(How to complete this task) Find the line containing "Fototapeta premium Panoramic" in the entries; transcribe it and all remaining lines through the end, exactly as they appear, but not the pictures.
====== Supplied material ======
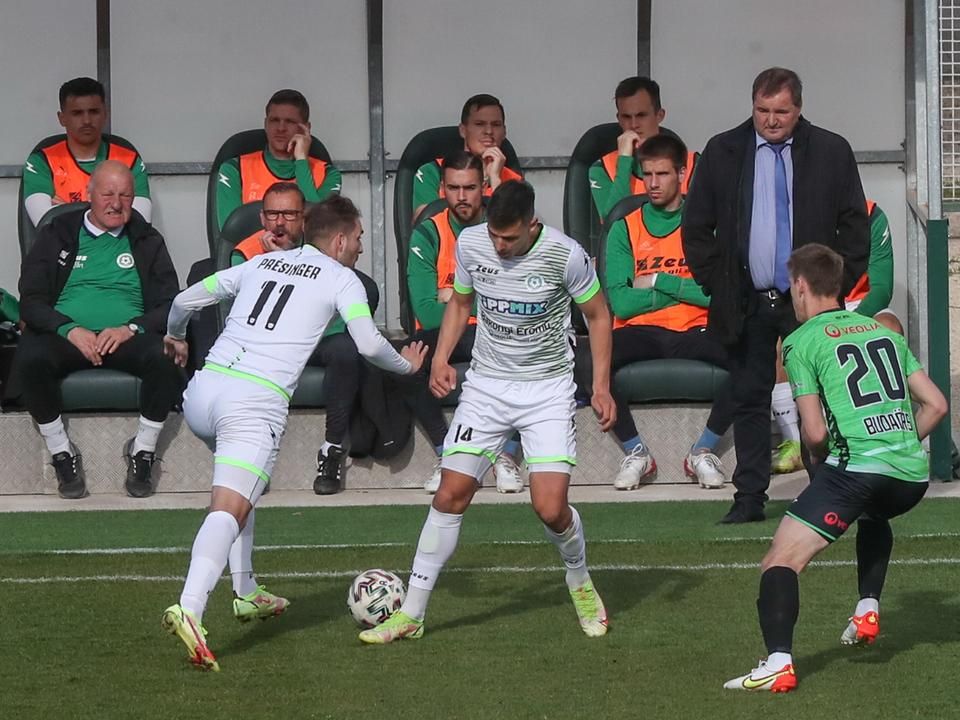 A korábbi MÁV-játékos, Remili Mohamed (fehérben) egy félidőt kapott Szolnokon (Fotó: Nagy Balázs/Új Néplap)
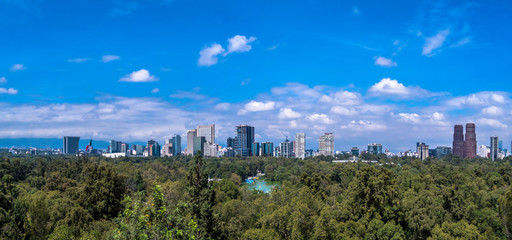 Fototapeta premium Panoramic view of the skyline of Mexico city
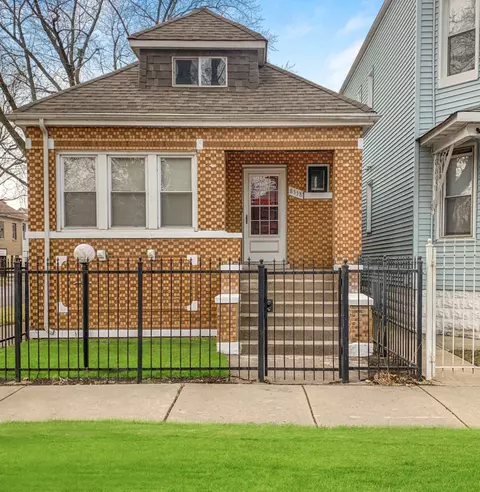 8558 S Colfax Ave, Chicago, IL 60617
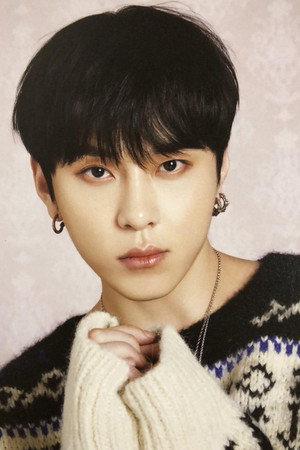 Photo of Yong Jun-hyung from the Latest Netflix gallery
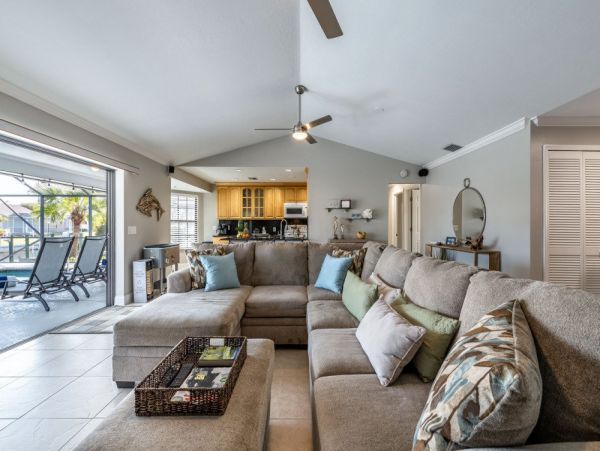 Cape Coral Home 1024111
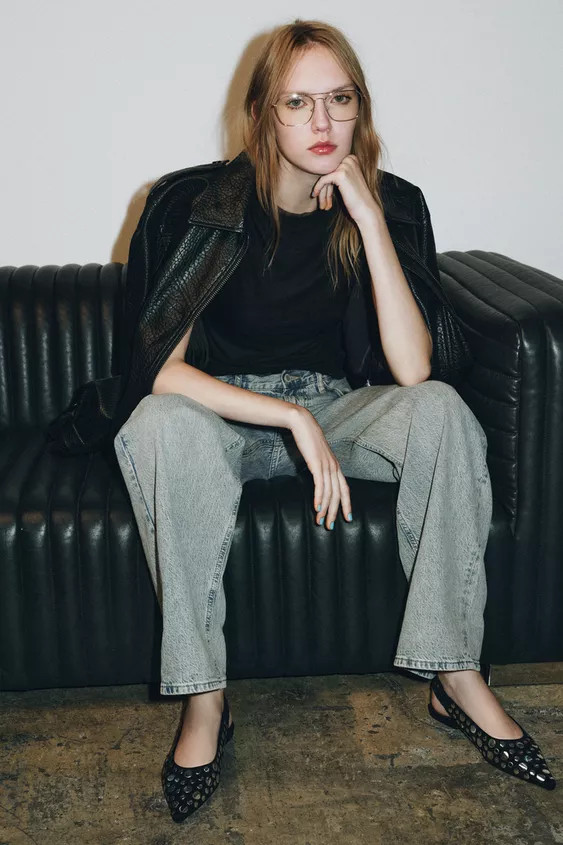 Slingback flats with studded body. Back strap with elastic piece. Pointed toe. Sole height: 0.4 i... | Zara Canada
======
(Answer area)
 Fototapeta premium Panoramic view of the skyline of Mexico city
 8558 S Colfax Ave, Chicago, IL 60617
 Photo of Yong Jun-hyung from the Latest Netflix gallery
 Cape Coral Home 1024111
 Slingback flats with studded body. Back strap with elastic piece. Pointed toe. Sole height: 0.4 i... | Zara Canada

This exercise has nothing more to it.